Animation 9: We maxed our size, so we create a new SSTable.

Animation 10: Partition 52 is rather large and takes up the whole of our new SSTable.

Animation 11: So we make a new SSTable.

Animation 12: Combine 74

Animation 13: And also 88

Animation 14: We delete the old L0 SSTables.

Animation 15: Each level has a max size. In practice, this is 10x the size of the previous level, L0 considered 160MB. (However, the size of L0 depends on the size of the SSTables flushed to it, which is determined by factors that cause the MemTable to flush to disk.)

Animation 16: In our example and to save screen real-estate, we will use a multiplier of two instead of ten, but the algorithm still works the same.

Animation 17: You can see that L1 is too large, so leveled compaction further compacts SSTables from L1 to L2.

Animation 18: Since there are no existing tables in L2, compacting L1 to L2 is simply a matter of moving an existing L1 SSTable to L2. Leveled compaction tries to consider the SSTables in turn when selecting which SSTable to compact to a lower level.
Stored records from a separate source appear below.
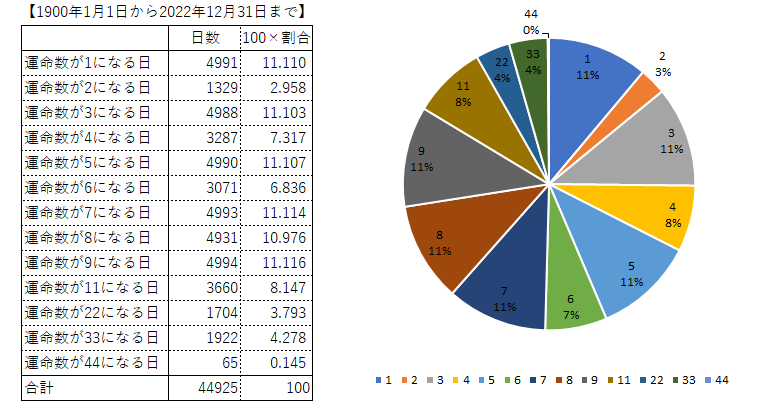 グラフ1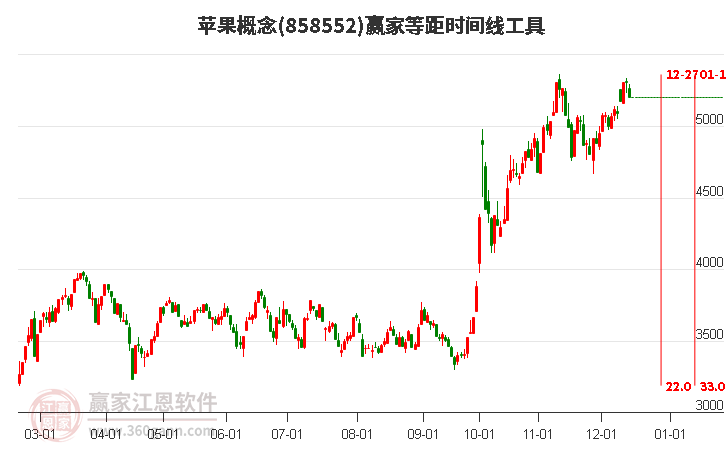 蘋果概念贏家等距時(shí)間周期線工具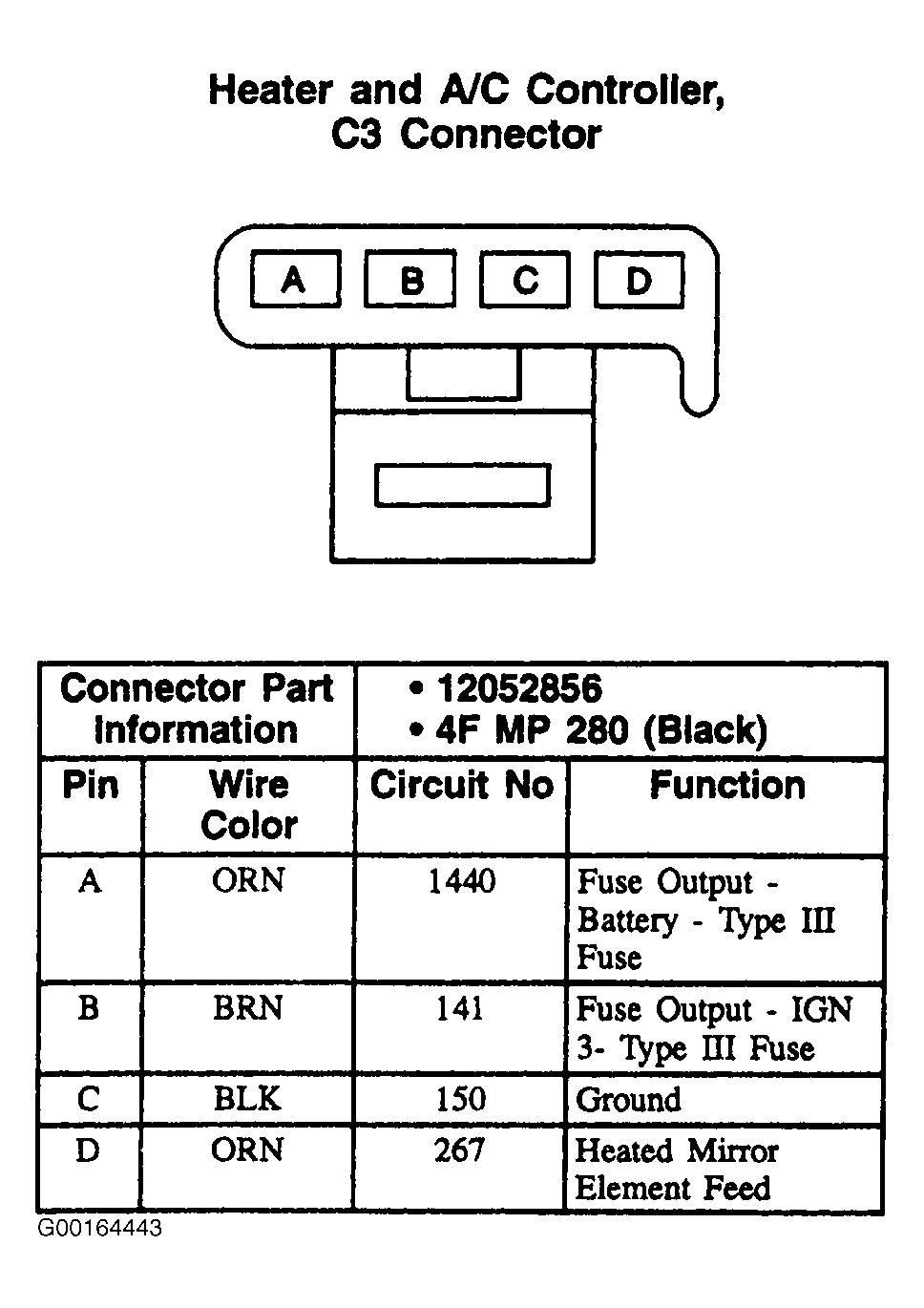 G00164443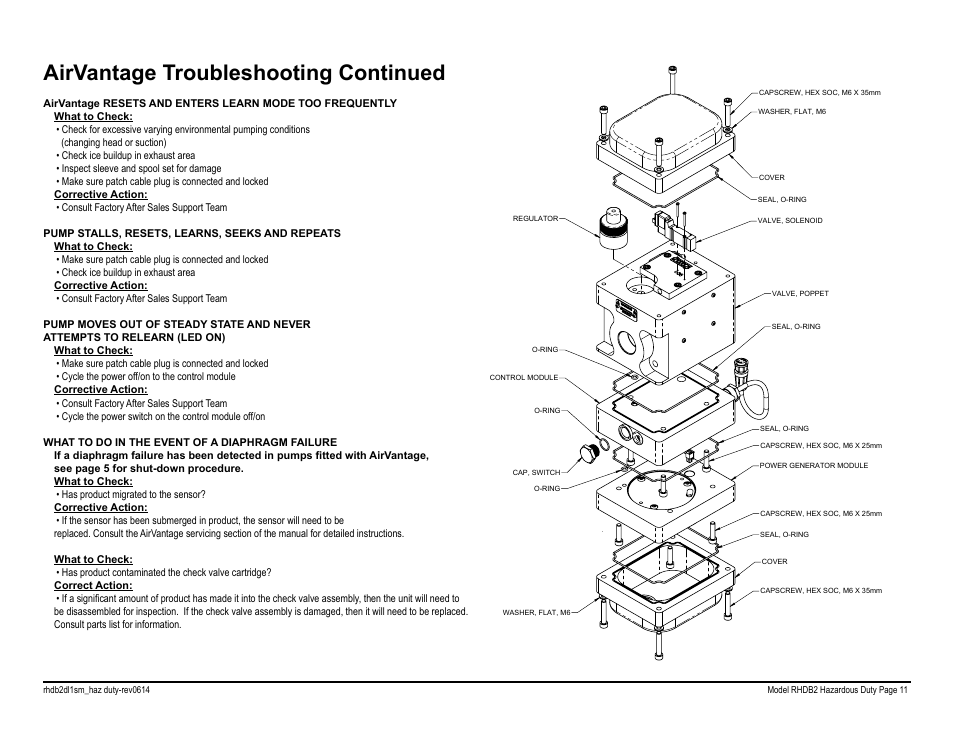 Airvantage troubleshooting continued | SANDPIPER RHDB2 Hazardous Duty User Manual | Page 13 / 38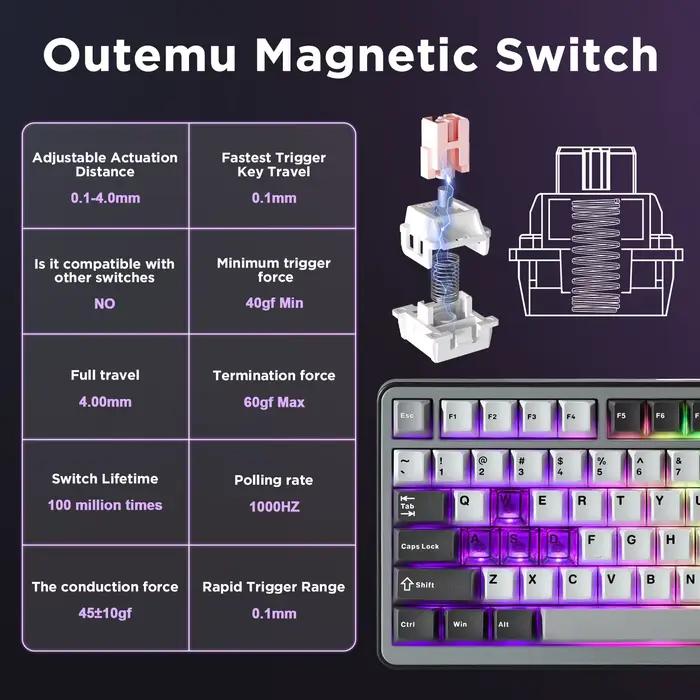 Clavier de jeu à déclenchement rapide YUNZII RT75
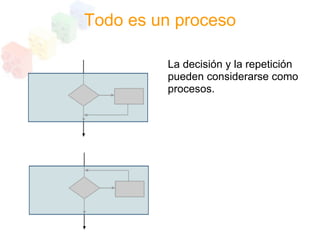 Programacion Estructurada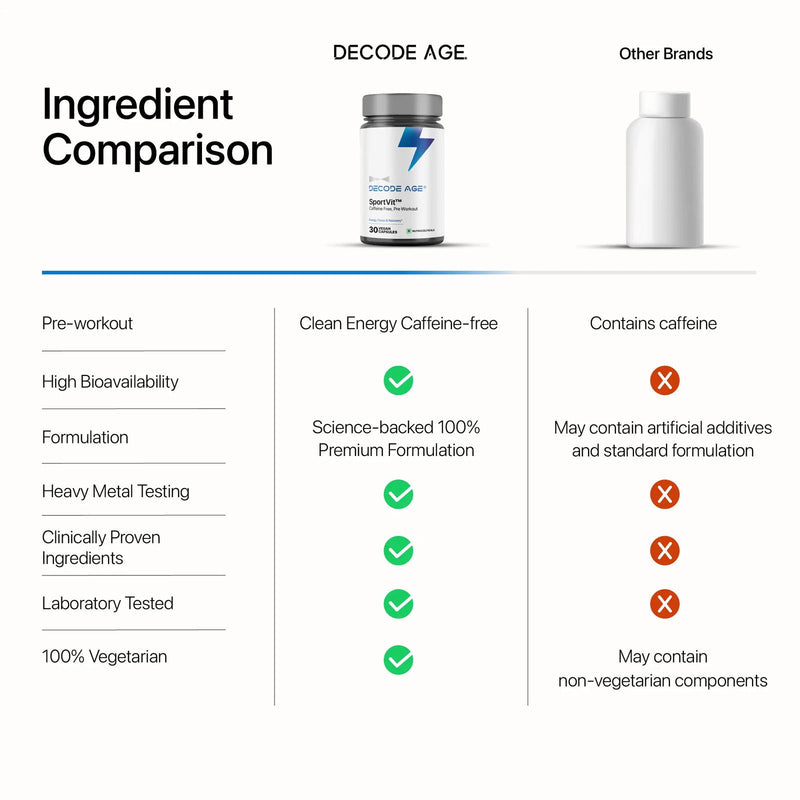 Decode Age SportVit Capsules 30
Animation 19: L1 is still too large.

Animation 20: So we compact another SSTable down to L2.

Animation 21: (Cleaning up the visuals.)

Animation 22: L2 has a max size.

Animation 23: L2’s max size is twice the size of L1. (Remember, the real multiplier is ten, not two however.)
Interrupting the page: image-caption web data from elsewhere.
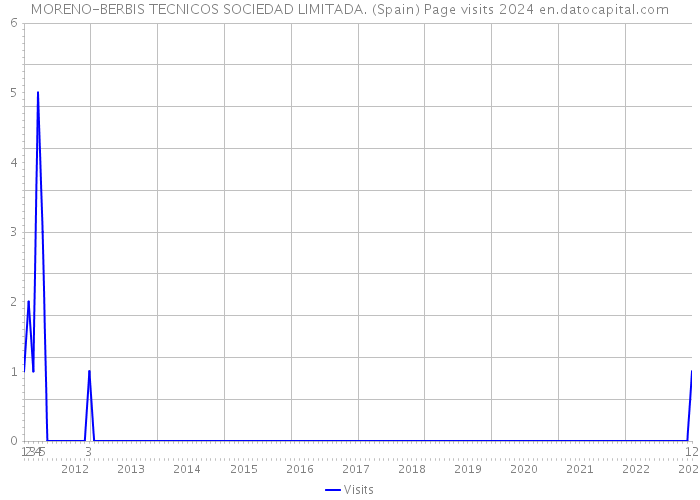 MORENO-BERBIS TECNICOS SOCIEDAD LIMITADA. (Spain) Page visits 2024 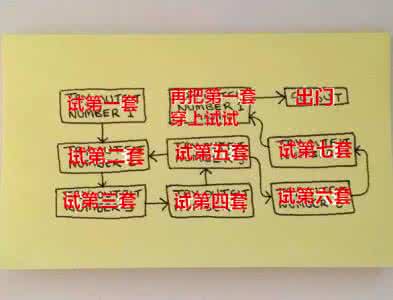 神界3 赤裸裸的真相 成人世界10个赤裸的真相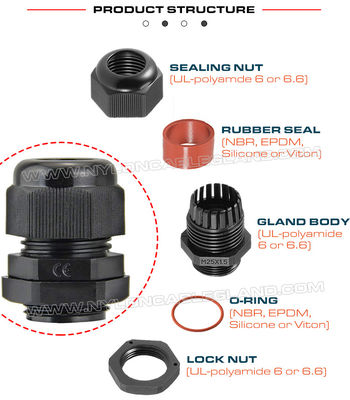Dome Cap Cable Glands Hermetic IP68 Plastic Synthetic Nylon with BSC, G & BSP Threads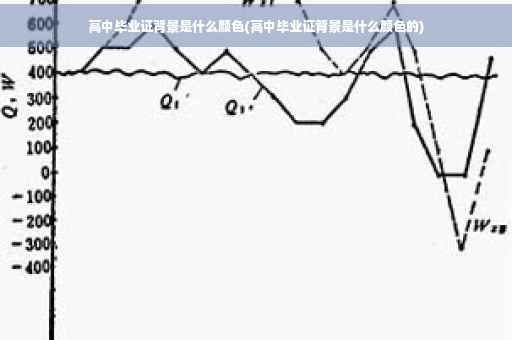 高中毕业证背景是什么颜色(高中毕业证背景是什么颜色的)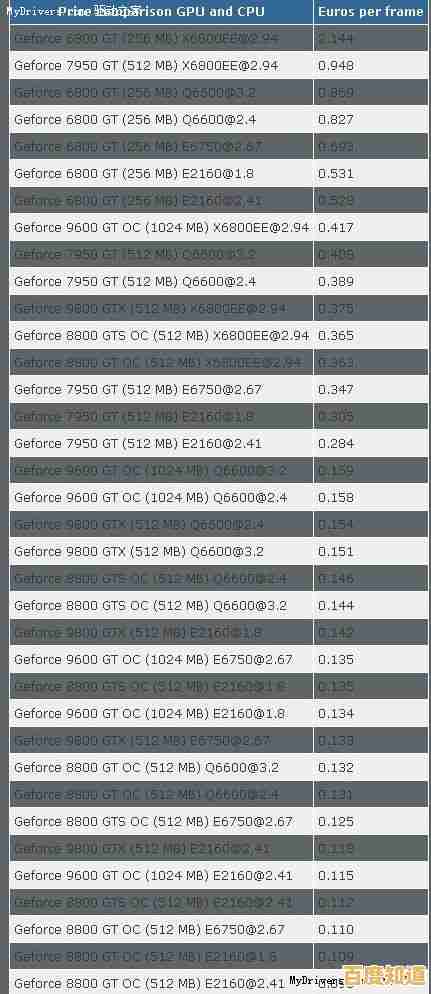 G7400CPU天梯图权威发布:剖析其核心架构与多场景性能优势 G7400CPU天梯图权威发布:剖析其核心架构与多场景性能优势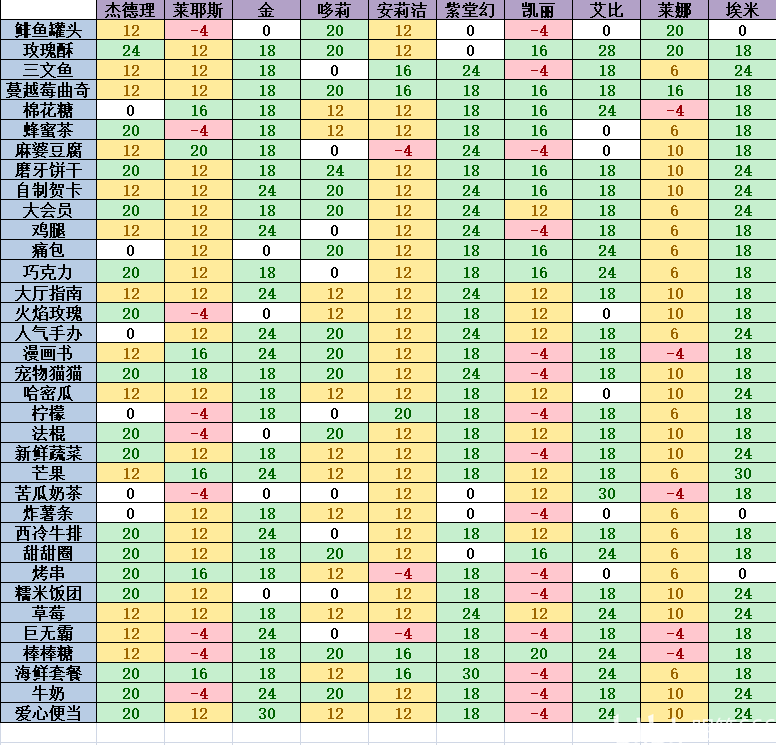 【凹凸世界手游】羁绊好感度礼物表(更新菲利斯,杰德理/鲱鱼罐头,玫瑰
Animation 24: So now our levels are in a consistent state. Leveled compaction is complete.

Animation 25: A new SSTable flushes to disk into L0. Leveled compaction will immediately compact this new SSTable with the SSTables in L1.

Critical: The way leveled compaction chooses which SSTables to compact together is simply a matter of overlapping token keys. For example, this new SSTable covers token ranges 8 to 88 inclusive. The single SSTable in L1 covers the token range 74 to 88 inclusive. Since these two ranges overlap, leveled compaction will combine these two SSTables together.
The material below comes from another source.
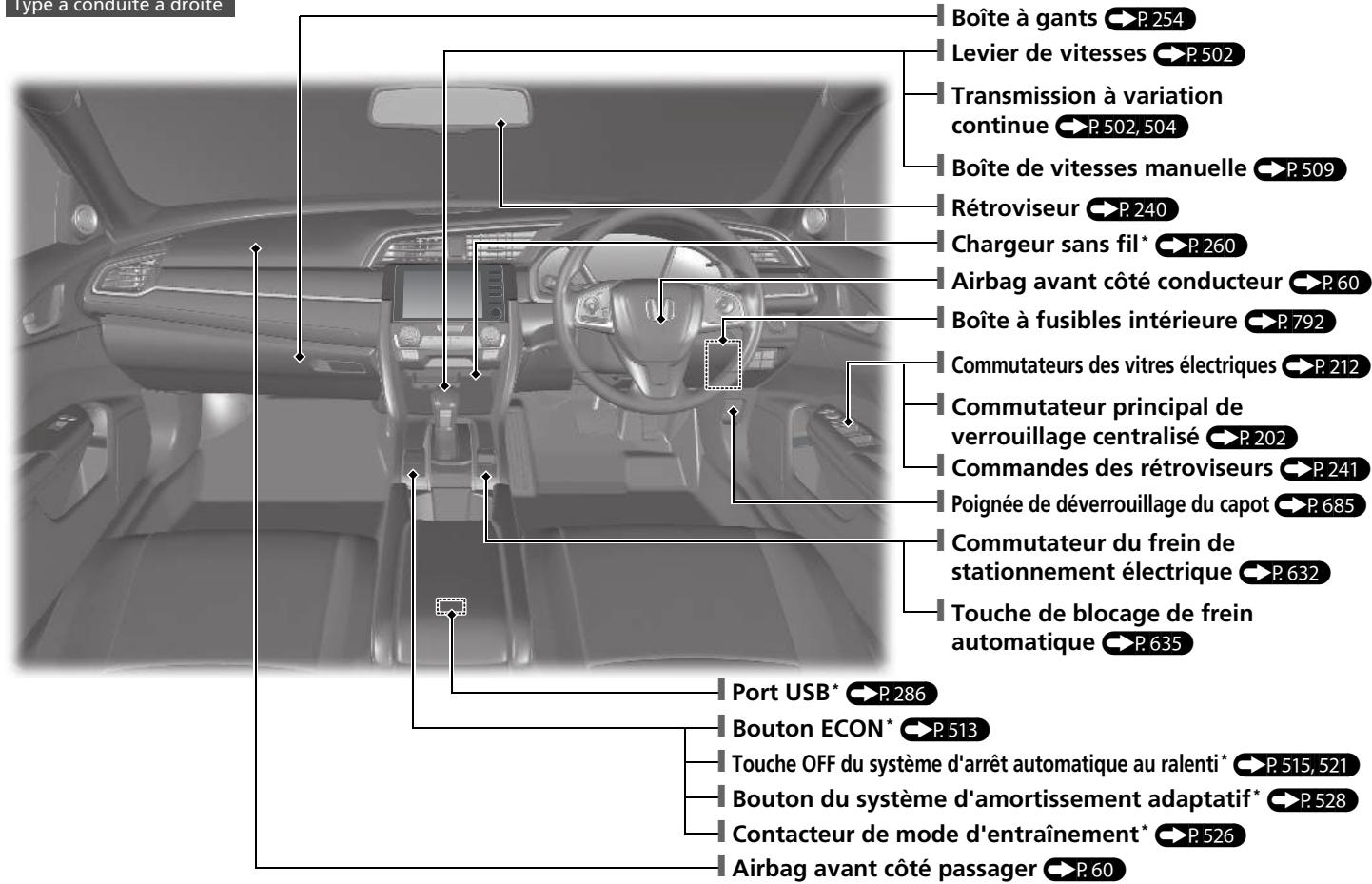 Honda Civic 10 Phase 2 (2020-2023) - Index visuel - 1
Animation 26: So let’s compact these two SSTables together.

Animation 27: Partitions 8, 28, and 52 don’t have any pairs in the SSTable on the right, so they compact as is.

Animation 28: We hit the max SSTable size, so time to write a new one.

Animation 29: 74 is the lowest key between the two SSTables, so leveled compaction writes it next.

Animation 30: Finally the two 88 partitions from both SSTables combine to make a new partition.

Animation 31: Oh no, L1 is too big again. We must continue compacting down.

Important: Can you determine which SSTables will compact next?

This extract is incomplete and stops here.